6 CommentsLeave a comment

  • Who knows if time and cost are key obstacles to growth of the game in Canada. Regardless, the game should return to 12 holes as opposed to 18. Nicklaus is often credited with leading this return to a 12 hole format and I think it is a great idea.

  • Count me in the group that thinks golf would be much better as a 12, maybe 14 hole game. I am a golf nut, but sometimes I get to about that point in a round and think ‘that’s about enough for me, thanks’.

  • Count me in also. The number 18 is not a prime number. Of course 9 is not a prime number either. But 19 is…for some strange reason known only to (current) golfers. Golf courses around the world would see an uptake if they offered a 9 hole round and greens fees commensurate. That would of course involve them in scheduling and course management problems, and would put their costs up as well. So changing the current arrangement would cost some money to everyone.
    On the other hand, this is after all a difficult game. There will always be many people who venture out on the course and after a few frustrating experiences say this is not for me. Witness the countless people one sees at any driving range who say they only play one or two rounds a year. Well, why are you pounding these balls out there? Because there are few things that feel as satisfying as when I hit it flush. If NAGA wants to do anything about the state of the game it is to entice a few of those people to take a chance.

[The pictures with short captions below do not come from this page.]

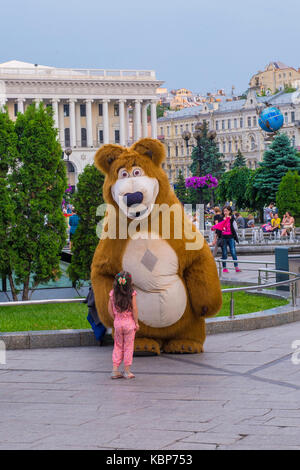 KIEV , UCRAINA - GIUGNO 05 : il Maidan Nezalezhnosti a Kiev Ucraina il 05 Giugno 2017 è una delle piazze principali della città situata su Khreshchatyk Stree Foto Stock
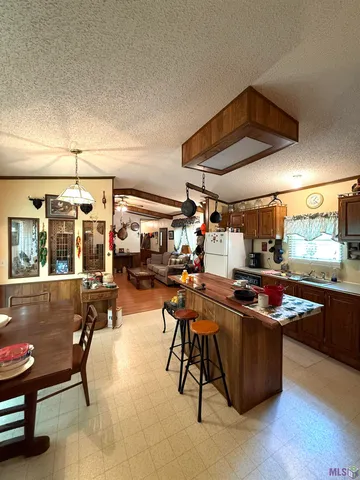 $575,000 | 7735 A Old Tunica Road, St. Francisville, LA 70775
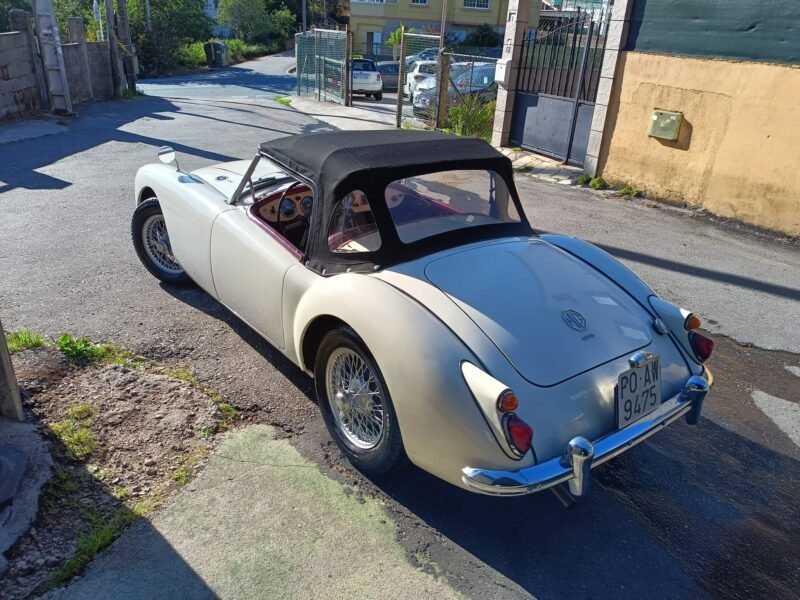 MG MK1 1.6 GASOLINA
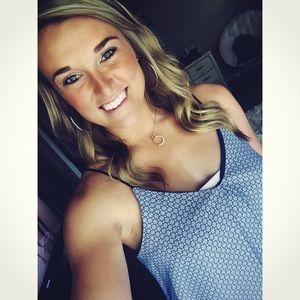 Meet your Posher, Derica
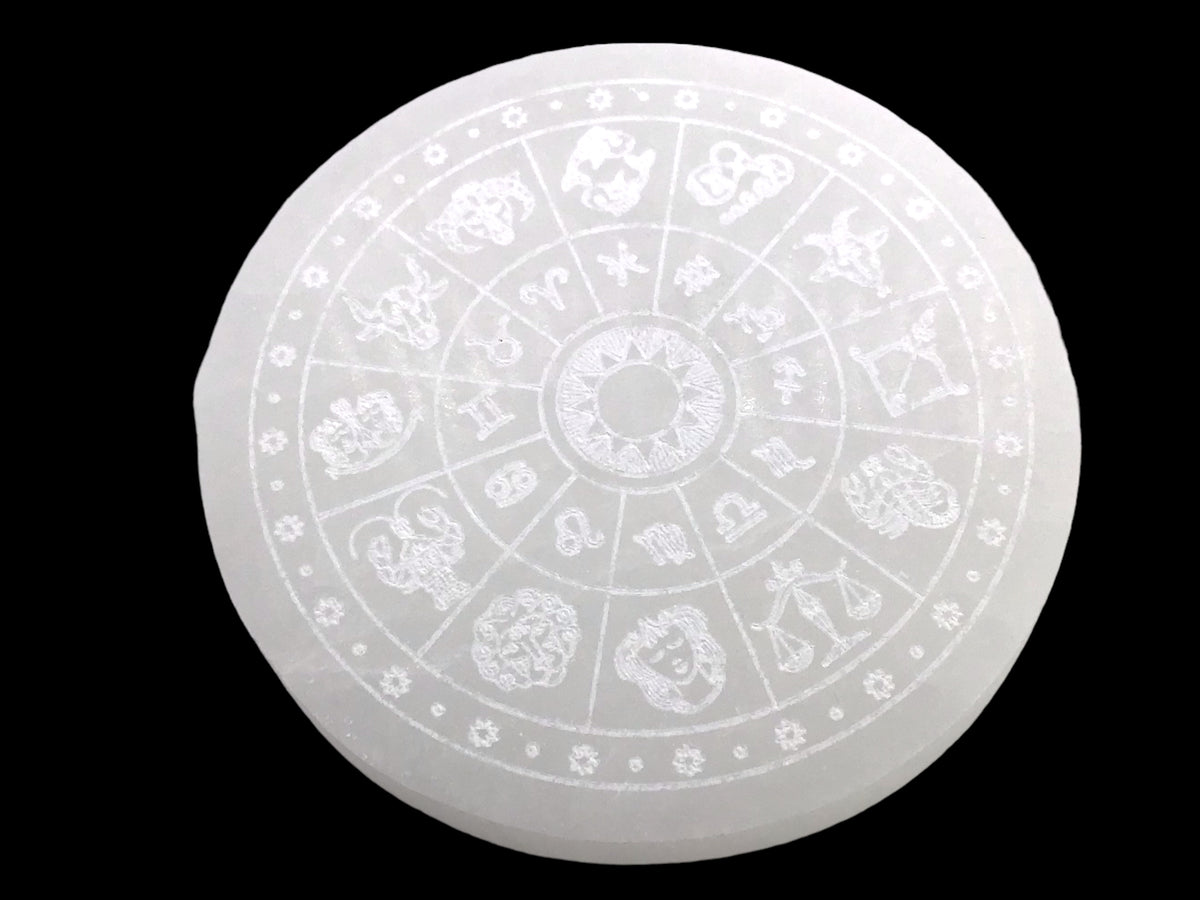 Selenit Ladeplatte mit Sternzeichen Gravur "Astrologie" Ø 10,5 cm - 220 Gramm- mit kleinem Acrylständer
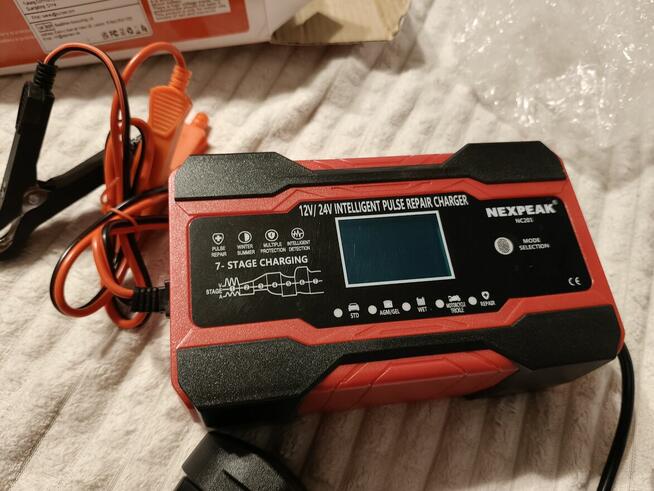 inteligentna ładowarka impulsowa Nexpeak NC201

  • “When people say golf is too expensive and takes too much time, I humbly disagree. Time and cost is not the driving factor.” Says Scott Simmons, CEO of the RCGA.

    Wow. Clearly this man does NOT represent public players in Canada, so stick to your 300,000 mandatory memberships and cease calling yourself ‘Golf Canada.’ It’s insulting to the other 4,000,000 players.

    While the Golf in Schools program seems admirable on the surface, it encourages kids to hit a plastic ball into a net. Ok, so some kids like it. The problem then becomes ‘where do they play?’ The mid-length, Par 3 and reasonably priced courses are few and far between. Golf clubs aren’t cheap and neither are green fees. What demographic is the RCGA aiming their program to?

    The public, meanwhile, is paying inflated green fees due to developers and golf course owners wanting a 7000+ course to satisfy their ego (and sell real estate) despite the fact that more than 95% of the play is from the Blue, White, Red and Yellow tees that play from 6500 yards and below. The less than 5% that play from ‘the tips’ who rarely pay green fees anyway are being subsidized by the rest.

    The cost of land for these so-called ‘Championship’ courses, cost to develop them , the yearly maintenance budget and interest rates associated with the ‘loans’ for less than 5% of play is absurd.

    Throw in the overhead of an Executive Pro, Head Pro, Teaching Pro, Assistant Pro and Apprentices required to be RCGA approved, despite the fact that many courses built in the last several years have inadequate or non-existant practice facilities leads to this question. Why do we need an abundance of these ‘professionals’ when they don’t even have a place to teach? A fairly expensive cashier I’d say. Go apprentice at Golf Town, and save the club (and the paying public) some cash.

    If golf courses want to lower their overhead, lower the green fees to attract the general public, an important first step would be to tell the RCGA their services are no longer required. Keeping a handicap is just a glorified spreadsheet, and it can be done online. Cheap! What, you’re going to miss a 10% savings on a hotel or insurance? Again, go online. You’ll find better deals in less than a minute.

  • I echo a lot of what STEVE says. But I don’t think that the RCGA is the problem. It is not they who put up the cost of golf to the average consumer. They can rightly be charged with allowing Canadian golf’s international status to have dropped significantly on their watch. But they are not and have never been the driver behind 7000 yard golf courses, built as an add-on to a real estate development, where a nine hole course of 3000 yards, and a welcoming attitude in the pro shop would have made all the difference. I can tell you that the 9 hole par three course at the club I play at is hugely popular, affordable, and one sees week after week tons of Dad’s and Mum’s with their kids in tow laughing and having a great time.